- **WORK REQUIRED**: The required output is the exact run of lines in the listing below from the line holding "22 & 23/06/2013" through the line holding "album_1209231126_1628.jpg", with no pictures.

··· DATA

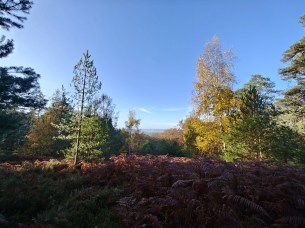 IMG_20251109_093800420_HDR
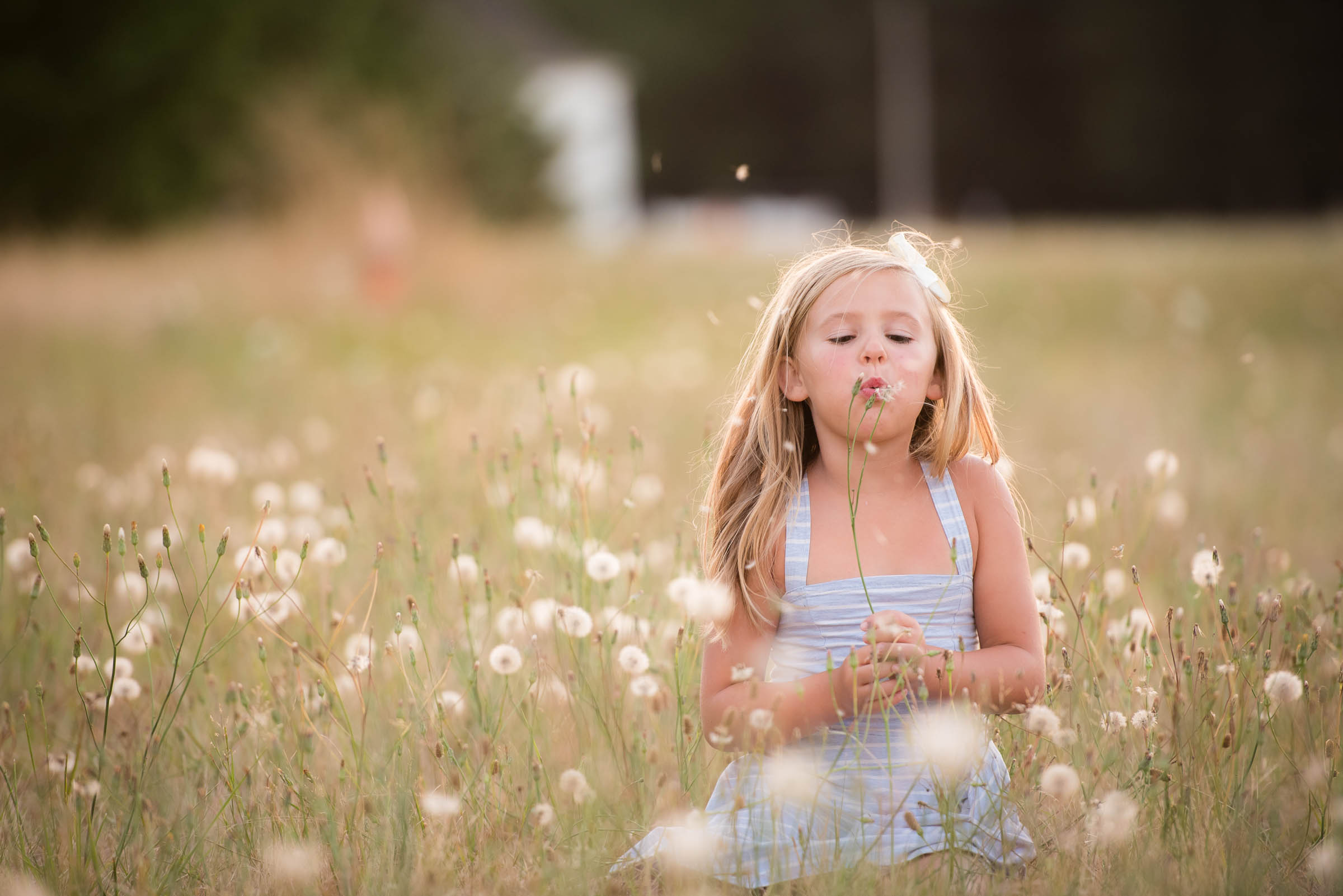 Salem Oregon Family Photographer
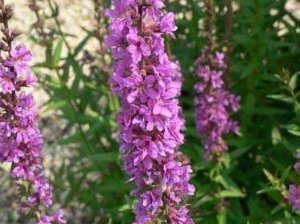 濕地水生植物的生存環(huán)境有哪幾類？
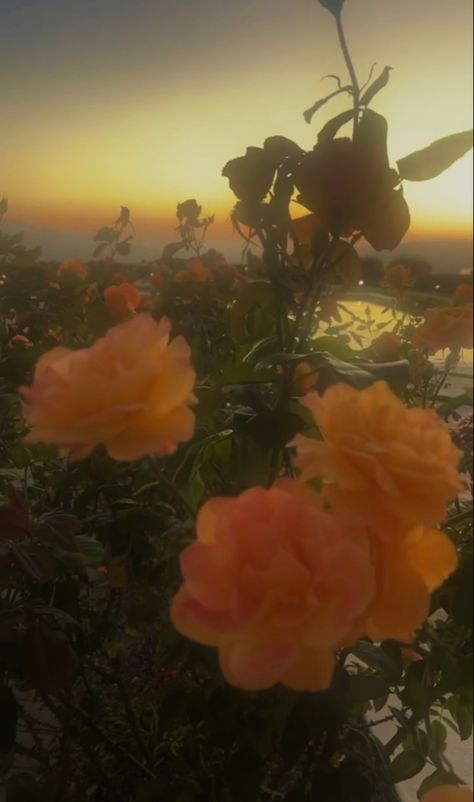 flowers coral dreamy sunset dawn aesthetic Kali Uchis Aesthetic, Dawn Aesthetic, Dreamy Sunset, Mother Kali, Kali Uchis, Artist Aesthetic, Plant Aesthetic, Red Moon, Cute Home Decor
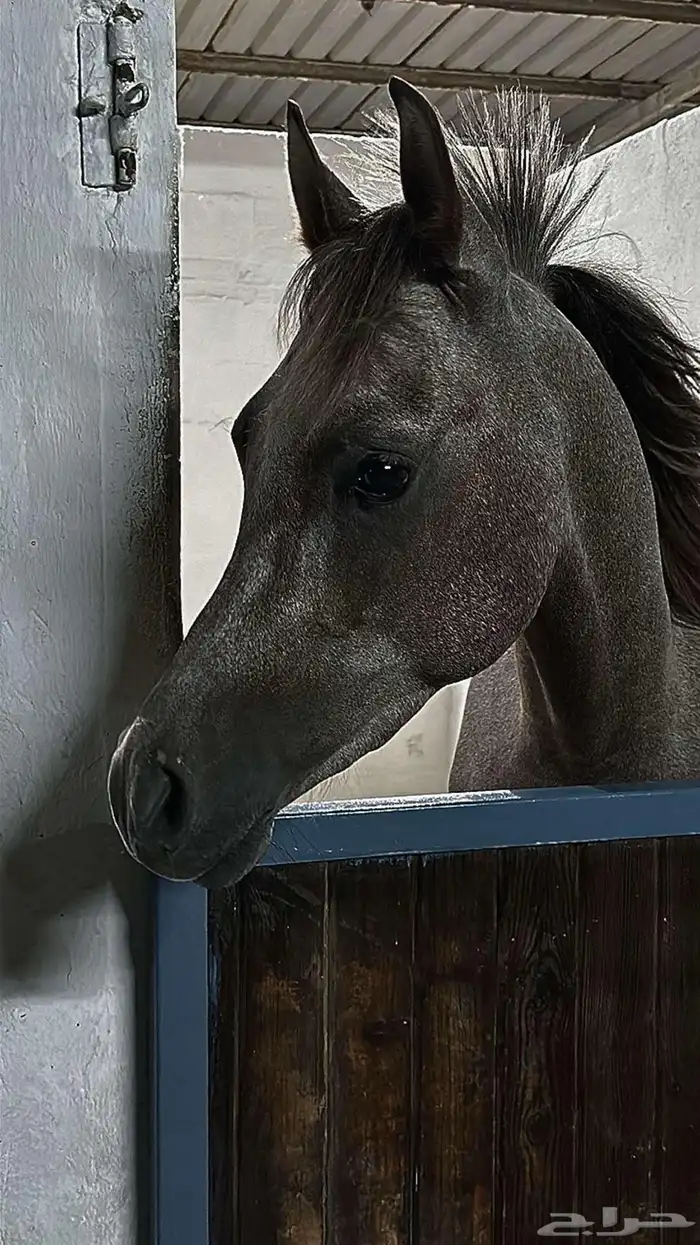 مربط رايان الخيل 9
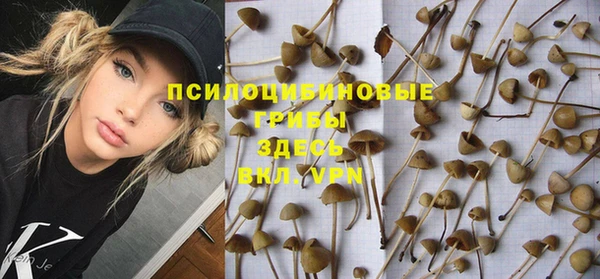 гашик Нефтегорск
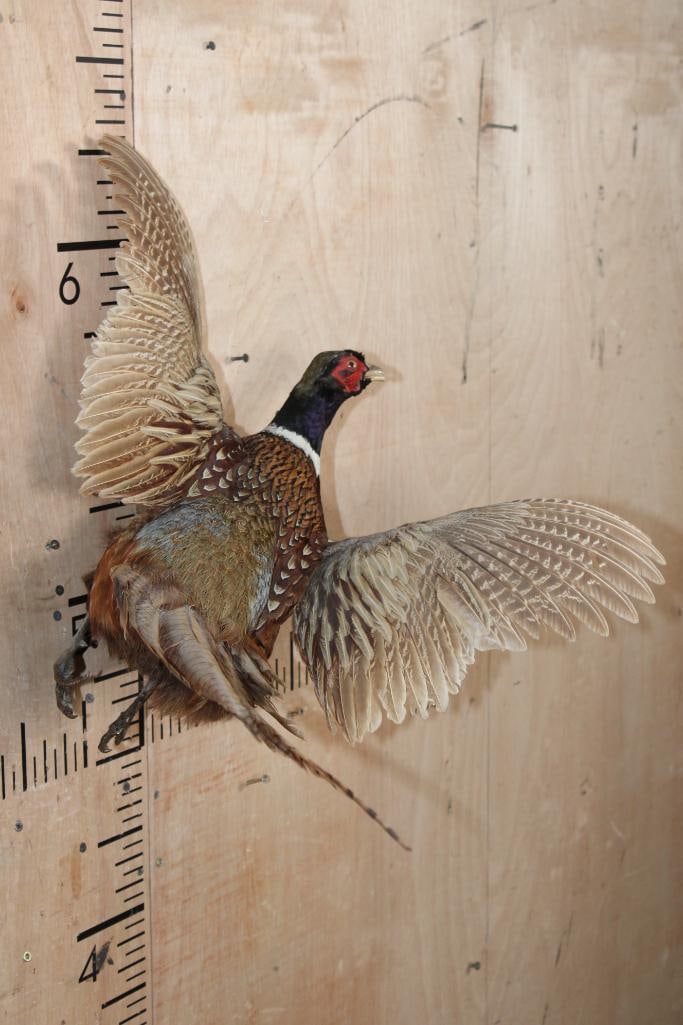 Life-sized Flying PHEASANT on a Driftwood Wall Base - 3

······
··· DATA

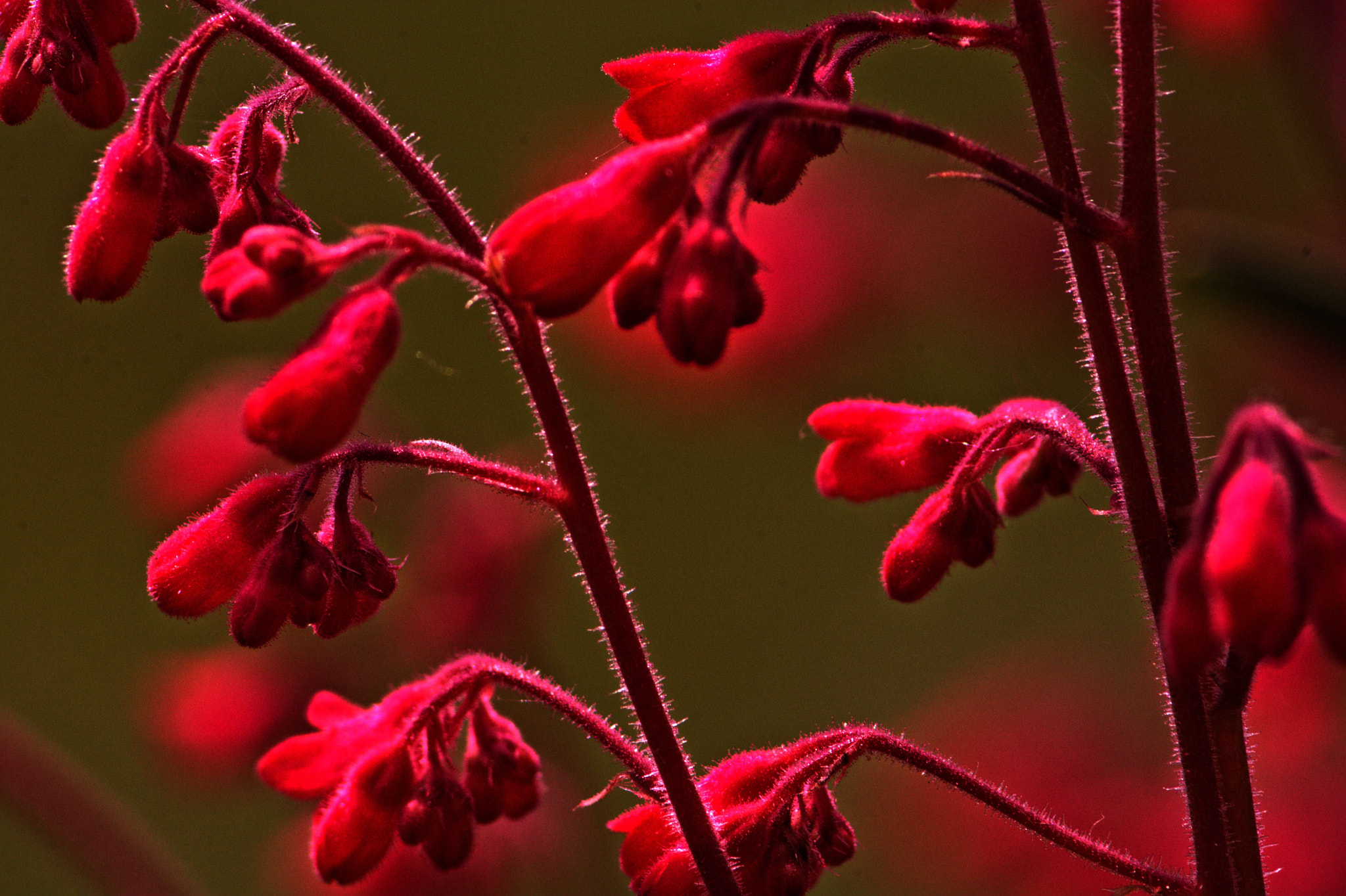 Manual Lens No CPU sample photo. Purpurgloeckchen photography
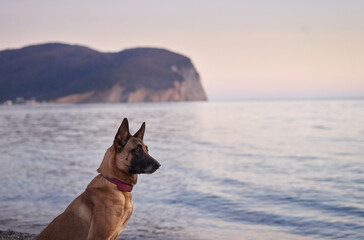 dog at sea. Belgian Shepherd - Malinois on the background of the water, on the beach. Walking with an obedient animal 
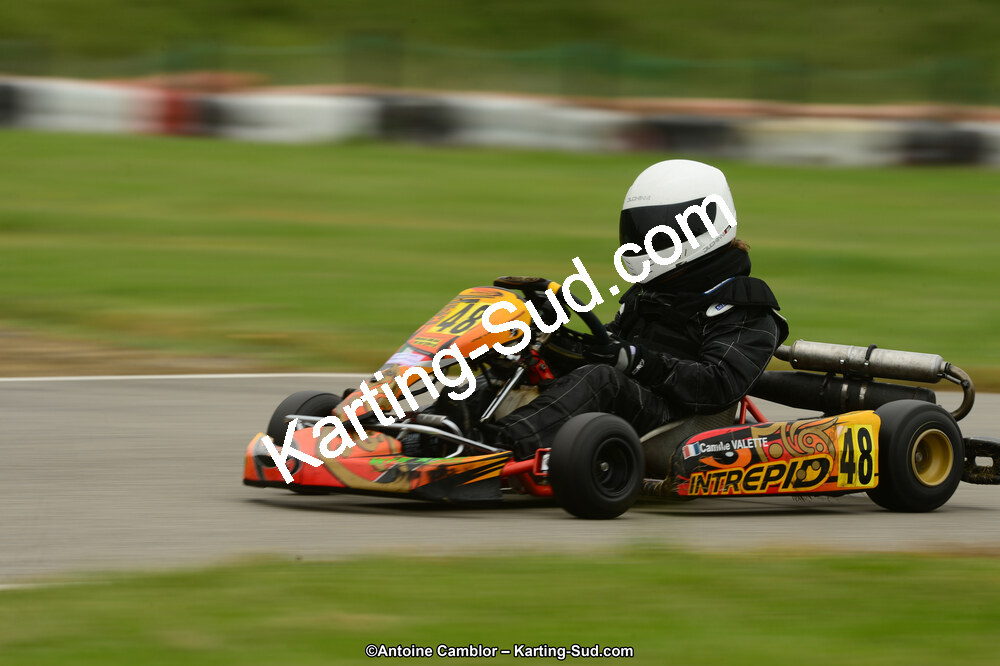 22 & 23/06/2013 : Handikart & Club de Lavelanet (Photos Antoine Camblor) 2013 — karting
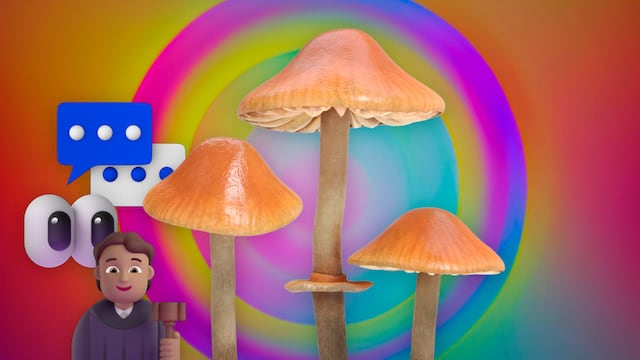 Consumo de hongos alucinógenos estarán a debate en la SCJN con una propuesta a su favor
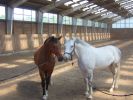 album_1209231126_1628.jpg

······
··· DATA

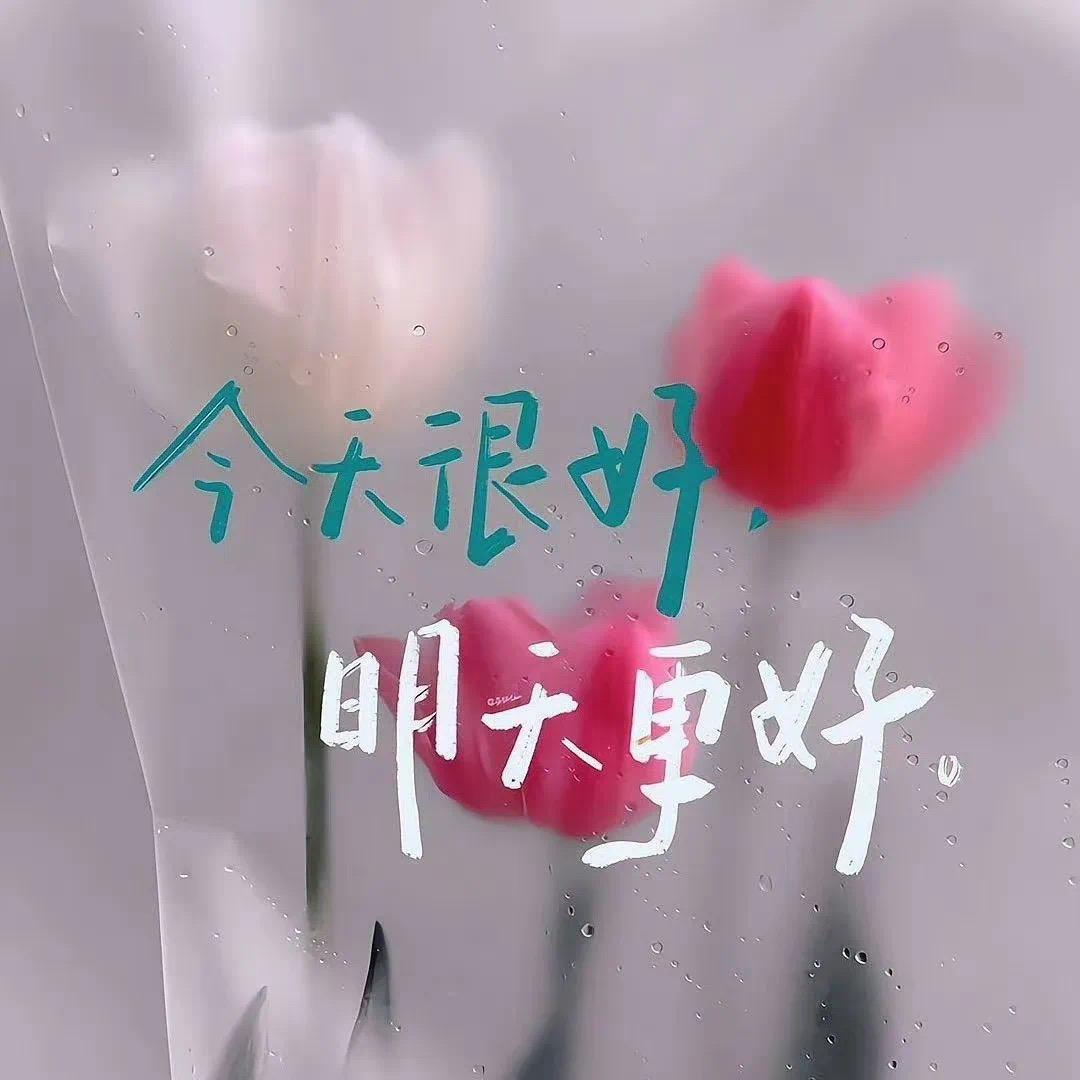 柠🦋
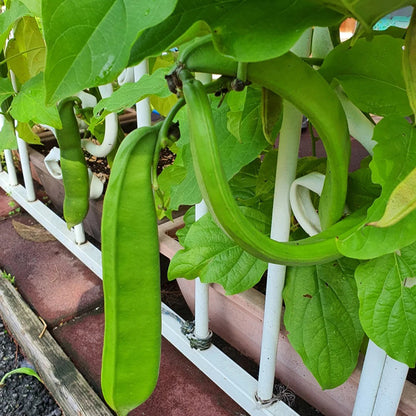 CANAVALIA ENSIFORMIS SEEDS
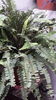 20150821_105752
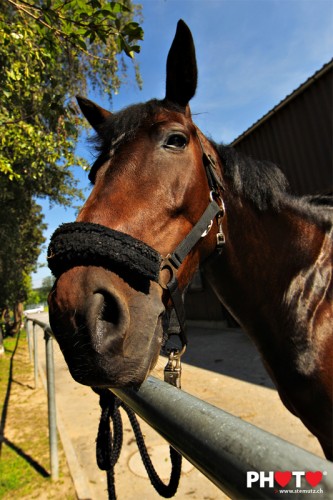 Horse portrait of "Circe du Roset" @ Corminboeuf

······

- **WRITTEN REPLY**:
 22 & 23/06/2013 : Handikart & Club de Lavelanet (Photos Antoine Camblor) 2013 — karting
 Consumo de hongos alucinógenos estarán a debate en la SCJN con una propuesta a su favor
 album_1209231126_1628.jpg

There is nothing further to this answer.